As an aside, the thing about motivation is that it must be intrinsic. You can expose a person to the information and hope that they will have an “a-ha” moment where they’ll come to understand the importance of barbell training in achieving their lifestyle goals. But you can’t motivate someone else to work towards a goal unless the person themselves is driven to achieve it. I’ve seen many well-meaning clients who have experienced the benefit of strength training and who are very keen to encourage their friends and family to try it too. Unfortunately, it doesn’t work until their friends and family themselves have the motivation or push factor to try it. But I digress.

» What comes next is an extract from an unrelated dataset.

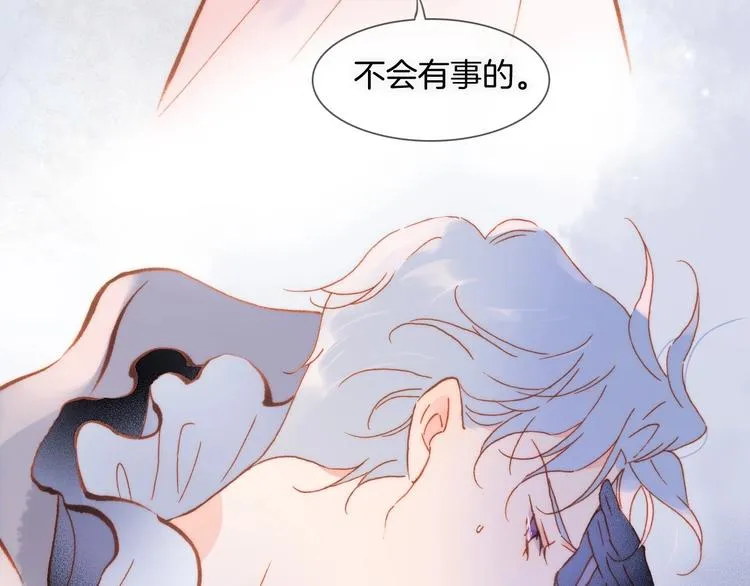 第10话 她很重要…… 第146页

So your lifestyle goal is that you’d like your knees and back to stop aching, not run out of breath when playing with your kids and not struggle to get your luggage off the carousel—basically to improve your quality of life and feel young again. The issue with an abstract goal like this is that it isn’t effective. It’s like walking into a gym and saying that you want to exercise to be fitter and healthier. No doubt that it’s still motivation to get you started, but, in my experience, you’ll achieve significantly better results when you know exactly what you want and the changes you need to make to get you there. What you have in your head is the idea of what you’d like to achieve, the end goal. You’d be better off focussing your attention on what you need to change to get you there. Achieving your goal is the outcome of the accumulation of constituent behavioural changes made towards your end goal.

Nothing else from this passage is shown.